CLASSNAME->TIEARRAY(LIST)

As the constructor for the class, TIEARRAY should return a blessed reference through which the tied array will be emulated.

In this next example, just to show you that you don't really have to return an array reference, we'll choose a hash reference to represent our object. A hash works out well as a generic record type: the value in the hash's "BOUND" key will store the maximum bound allowed, and its "DATA" value will hold the actual data. If someone outside the class tries to dereference the object returned (doubtless thinking it an array reference), an exception is raised.

sub TIEARRAY {
    my $class = shift;
    my $bound = shift;
    confess "usage: tie(\@ary, 'BoundedArray', max_subscript)"
        if @_ || $bound =~ /\D/;
    return bless { BOUND => $bound, DATA => [] }, $class;
}

We can now say:

tie(@array, "BoundedArray", 3);  # maximum allowable index is 3

to ensure that the array will never have more than four elements. Whenever an individual element of the array is accessed or stored, FETCH and STORE will be called just as they were for scalars, but with an extra index argument.

SELF->FETCH(INDEX)

This method is run whenever an individual element in the tied array is accessed. It receives one argument after the object: the index of the value we're trying to fetch.

sub FETCH {
    my ($self, $index) = @_;
    if ($index > $self->{BOUND}) {
        confess "Array OOB: $index > $self->{BOUND}";
    }
    return $self->{DATA}[$index];
}

SELF->STORE(INDEX, VALUE)

This method is invoked whenever an element in the tied array is set. It takes two arguments after the object: the index at which we're trying to store something and the value we're trying to put there. For example:

sub STORE {
    my($self, $index, $value) = @_;
    if ($index > $self->{BOUND} ) {
        confess "Array OOB: $index > $self->{BOUND}";
    }
    return $self->{DATA}[$index] = $value;
}

SELF->DESTROY

Perl calls this method when the tied variable needs to be destroyed and its memory reclaimed. This is almost never needed in a language with garbage collection, so for this example we'll just leave it out.

SELF->FETCHSIZE

The FETCHSIZE method should return the total number of items in the tied array associated with SELF. It's equivalent to scalar(@array), which is usually equal to $#array + 1.

sub FETCHSIZE {
    my $self = shift;
    return scalar @{$self->{DATA}};
}

SELF->STORESIZE(COUNT)

This method sets the total number of items in the tied array associated with SELF to be COUNT. If the array shrinks, you should remove entries beyond COUNT. If the array grows, you should make sure the new positions are undefined.

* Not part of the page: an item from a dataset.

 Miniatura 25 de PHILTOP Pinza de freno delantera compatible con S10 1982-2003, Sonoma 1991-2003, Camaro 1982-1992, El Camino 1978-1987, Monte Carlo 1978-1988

For our BoundedArray class, we also ensure that the array doesn't grow beyond the limit initially set.

sub STORESIZE {
    my ($self, $count) = @_;
    if ($count > $self->{BOUND}) {
        confess "Array OOB: $count > $self->{BOUND}";
    }
    $#{$self->{DATA}} = $count;
}

SELF->EXTEND(COUNT)

Perl uses the EXTEND method to indicate that the array is likely to expand to hold COUNT entries. That way you can can allocate memory in one big chunk instead of in many successive calls later on. Since our BoundedArrays have fixed upper bounds, we won't define this method.

SELF->EXISTS(INDEX)

This method verifies that the element at INDEX exists in the tied array. For our BoundedArray, we just employ Perl's built-in exists after verifying that it's not an attempt to look past the fixed upper bound.

sub EXISTS  {
    my ($self, $index) = @_;
    if ($index > $self->{BOUND}) {
        confess "Array OOB: $index > $self->{BOUND}";
    }
    exists $self->{DATA}[$index];
}

SELF->DELETE(INDEX)

The DELETE method removes the element at INDEX from the tied array SELF. For our BoundedArray class, the method looks nearly identical to EXISTS, but this is not the norm.

sub DELETE {
    my ($self, $index) = @_;
    print STDERR "deleting!\n";
    if ($index > $self->{BOUND}) {
        confess "Array OOB: $index > $self->{BOUND}";
    }
    delete $self->{DATA}[$index];
}

SELF->CLEAR

This method is called whenever the array has to be emptied. That happens when the array is set to a list of new values (or an empty list), but not when it's provided to the undef function. Since a cleared BoundedArray always satisfies the upper bound, we don't need check anything here:

sub CLEAR {
    my $self = shift;
    $self->{DATA} = [];
}

If you set the array to a list, CLEAR will trigger but won't see the list values. So if you violate the upper bound like so:

tie(@array, "BoundedArray", 2);
@array = (1, 2, 3, 4);

the CLEAR method will still return successfully. The exception will only be raised on the subsequent STORE. The assignment triggers one CLEAR and four STOREs.

SELF->PUSH(LIST)

This method appends the elements of LIST to the array. Here's how it might look for our BoundedArray class:

sub PUSH    {
    my $self = shift;
    if (@_ + $#{$self->{DATA}} > $self->{BOUND}) {
        confess "Attempt to push too many elements";
    }
    push @{$self->{DATA}}, @_;
}

SELF->UNSHIFT(LIST)

This method prepends the elements of LIST to the array. For our BoundedArray class, the subroutine would be similar to PUSH.

SELF->POP

The POP method removes the last element of the array and returns it. For BoundedArray, it's a one-liner:

sub POP { my $self = shift; pop @{$self->{DATA}} }

SELF->SHIFT

The SHIFT method removes the first element of the array and returns it. For BoundedArray, it's similar to POP.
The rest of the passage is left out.